Task directions —
Exactly the lines from the one containing "Holographic Body Glitter." through the end of the listing must make up the answer, with no pictures included.

Provided entries —
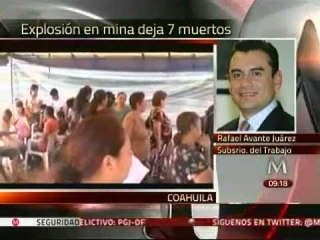 Tiene empresa minera 5 días para demostrar que no hay irregularidades: Avante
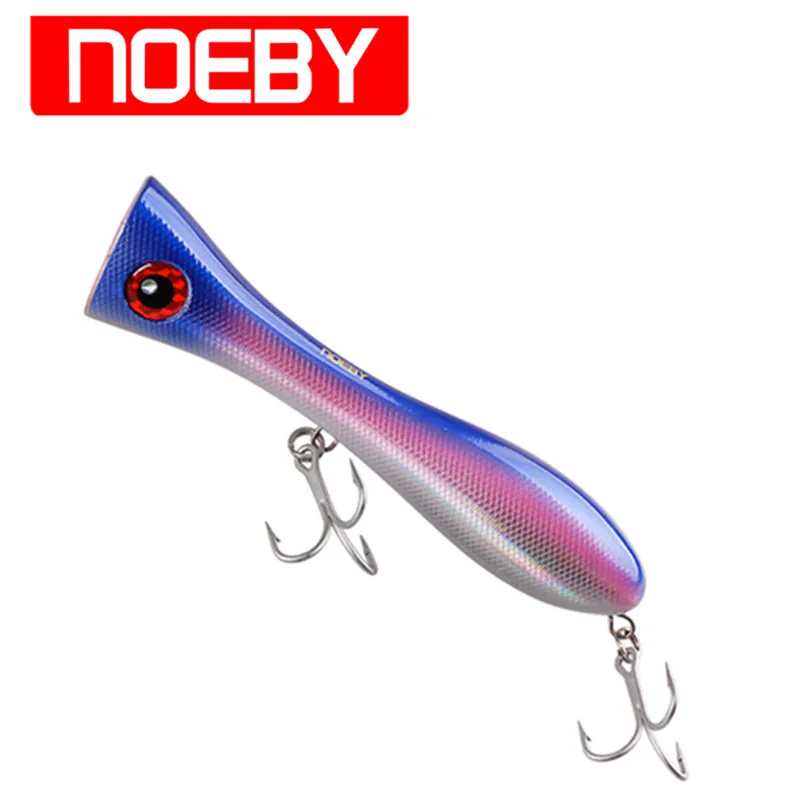 Приманка для рыбалки NOEBY 205 мм 130 г Popper Top Water VMC крюк искусственная Isca Para Pesca Leurre Dur De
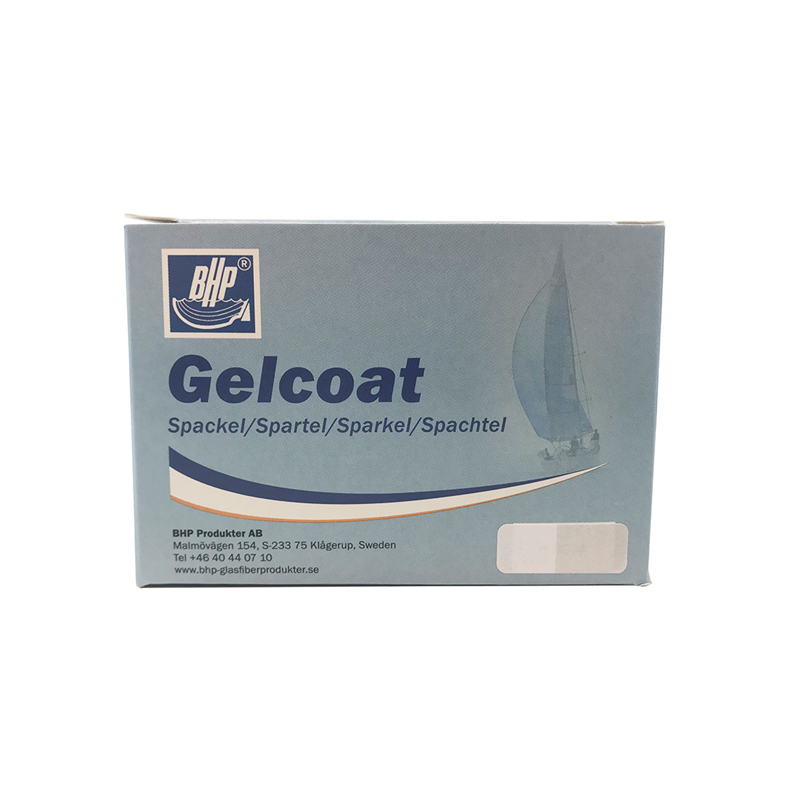 BHP Gelcoatspartel gr 50008, 100g og 7g hrder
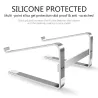 Laptop / tablet stand - aluminum - anti-skid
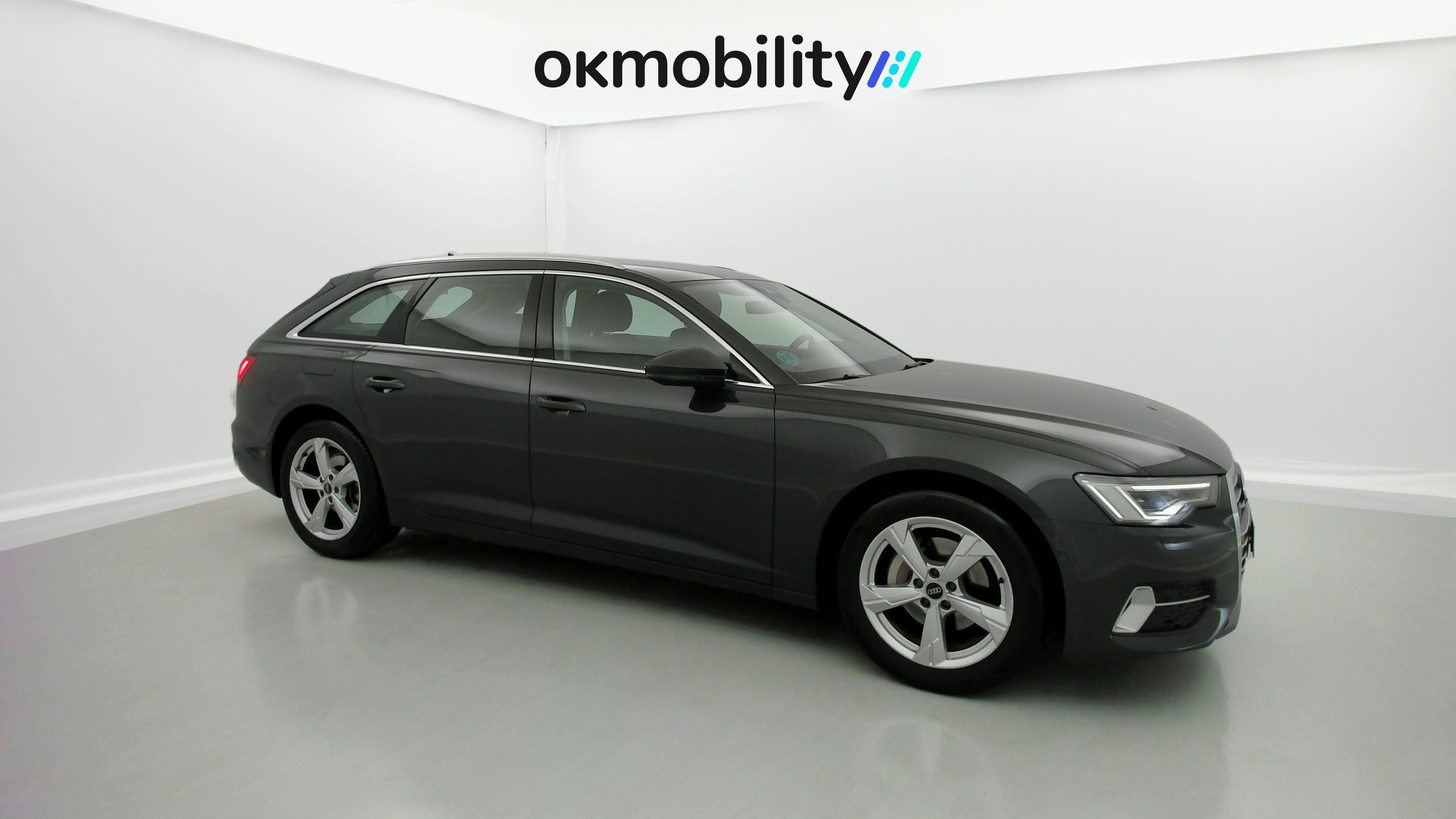 audi a6 avant sport 40 TDI 204 STRONIC 2022 manhattangrau metallic 3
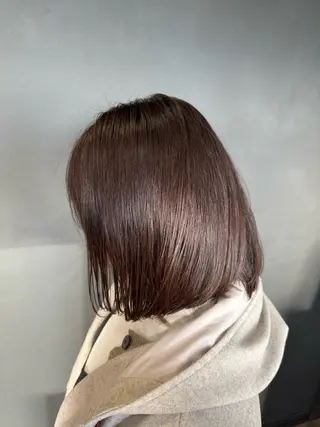 ミディアム カラー 長屋 裕也のヘアスタイル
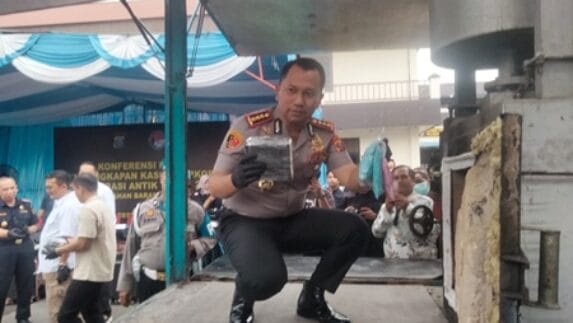 Polrestabes Medan Musnahkan Narkotika Senilai Ratusan Miliar Rupiah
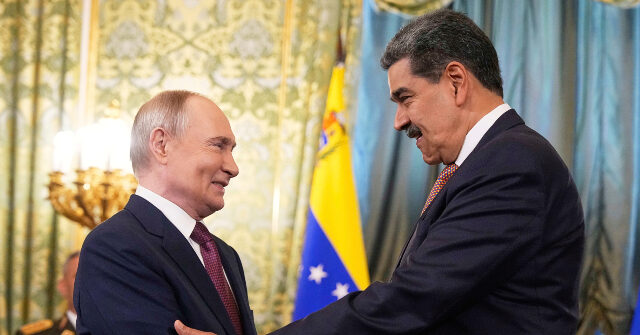 Russian Lawmakers Create Committee to ‘Free’ Nicolás Maduro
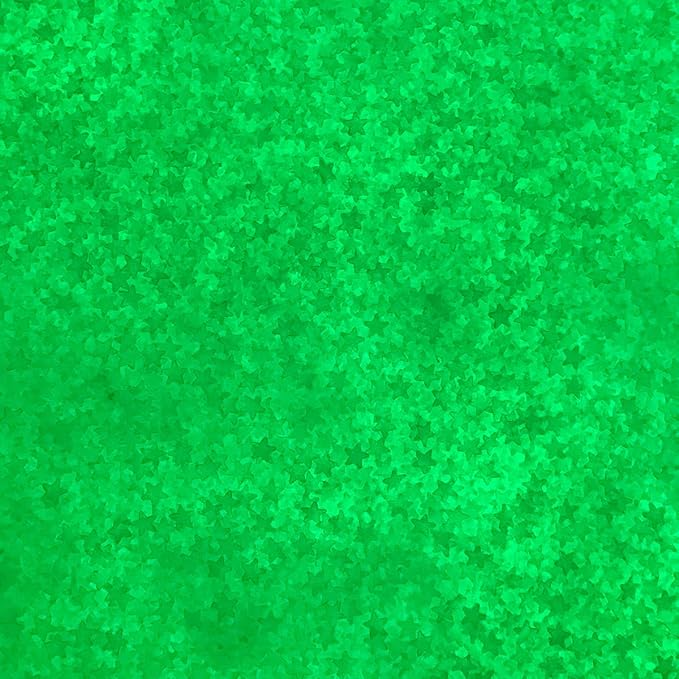Holographic Body Glitter. Chunky Face Glitter, Hair Glitter, Eye Glitter and Body Glitter for Women. Rave Glitter, Festival Accessories, Cosmetic Glitter Makeup. Loose Glitter Set (Glow Stars)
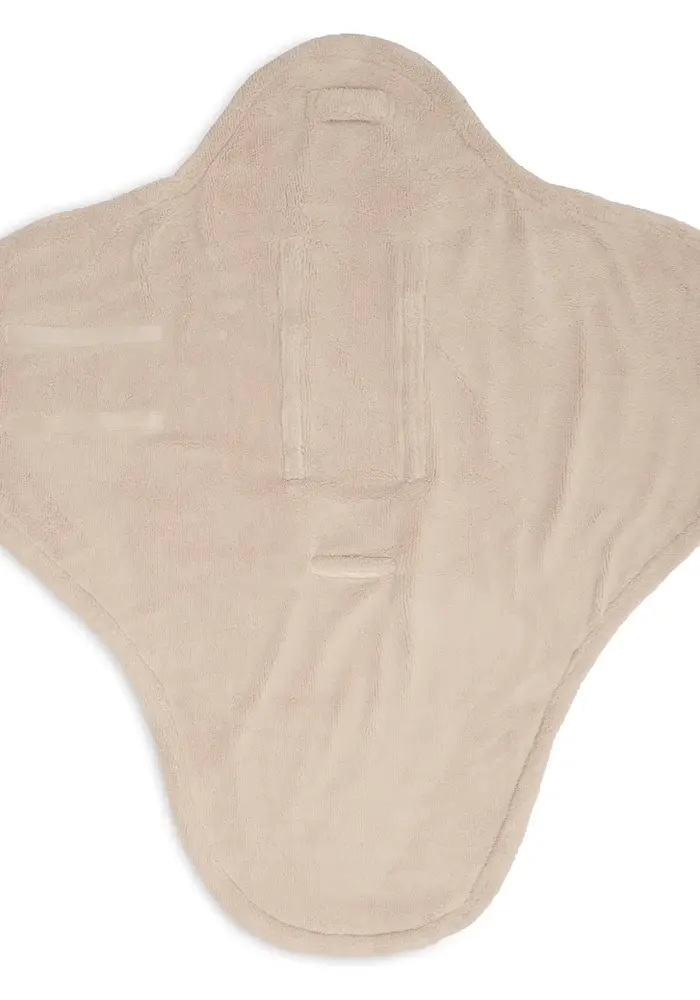 Jollein Wikkeldeken Fluffy Sand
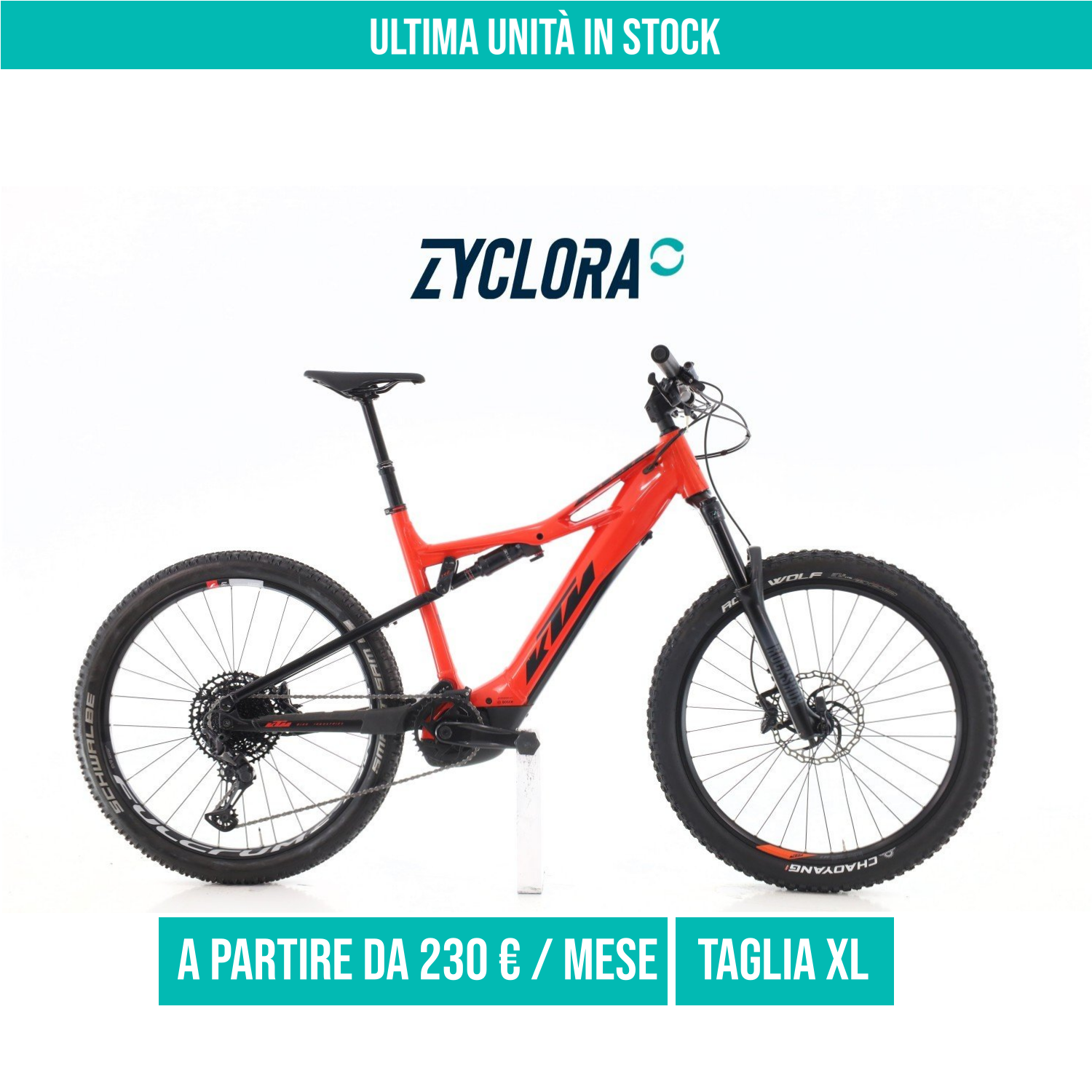 KTM Macina Lycan 271 XT taglia XL Semi-nuova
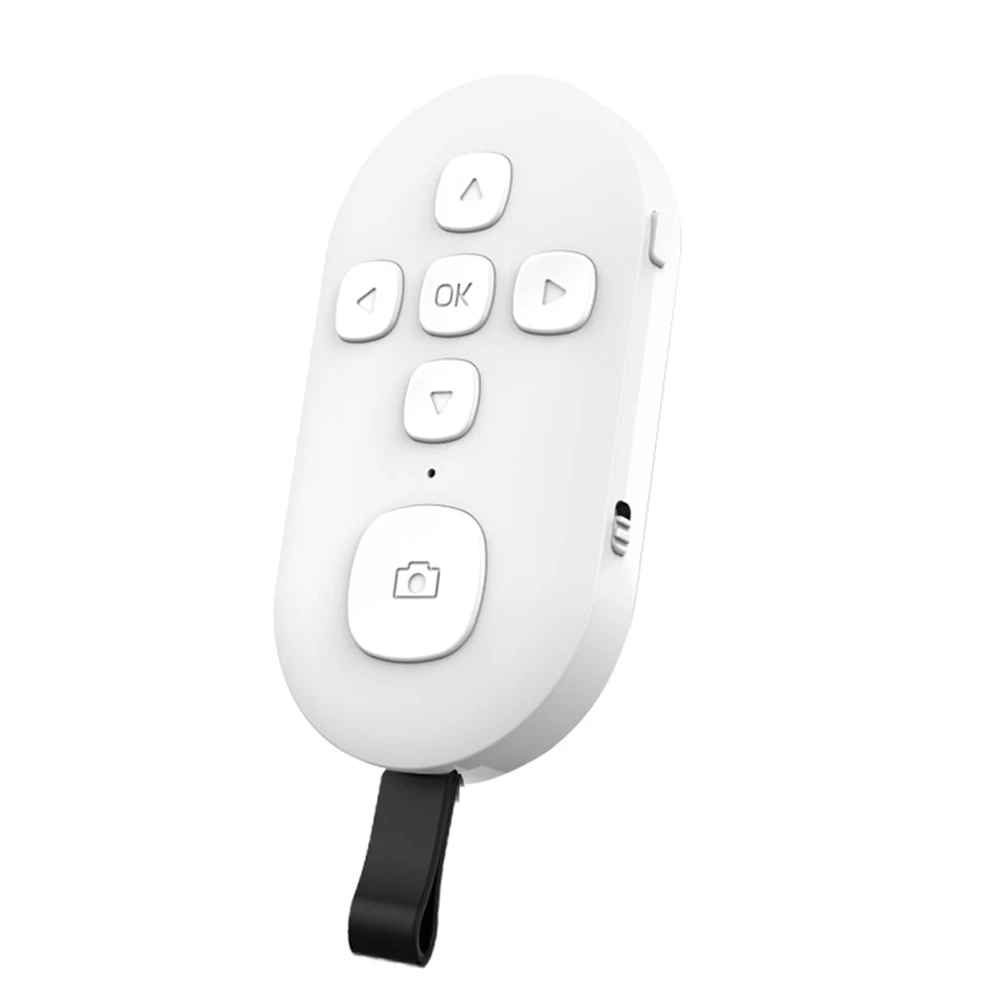 Fingertip Video Controller Wearable Wireless 7 Keys Mobile Phone Remote Control Type-C Rechargeable Lightweight for IOS/Android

Answer space —
Holographic Body Glitter. Chunky Face Glitter, Hair Glitter, Eye Glitter and Body Glitter for Women. Rave Glitter, Festival Accessories, Cosmetic Glitter Makeup. Loose Glitter Set (Glow Stars)
 Jollein Wikkeldeken Fluffy Sand
 KTM Macina Lycan 271 XT taglia XL Semi-nuova
 Fingertip Video Controller Wearable Wireless 7 Keys Mobile Phone Remote Control Type-C Rechargeable Lightweight for IOS/Android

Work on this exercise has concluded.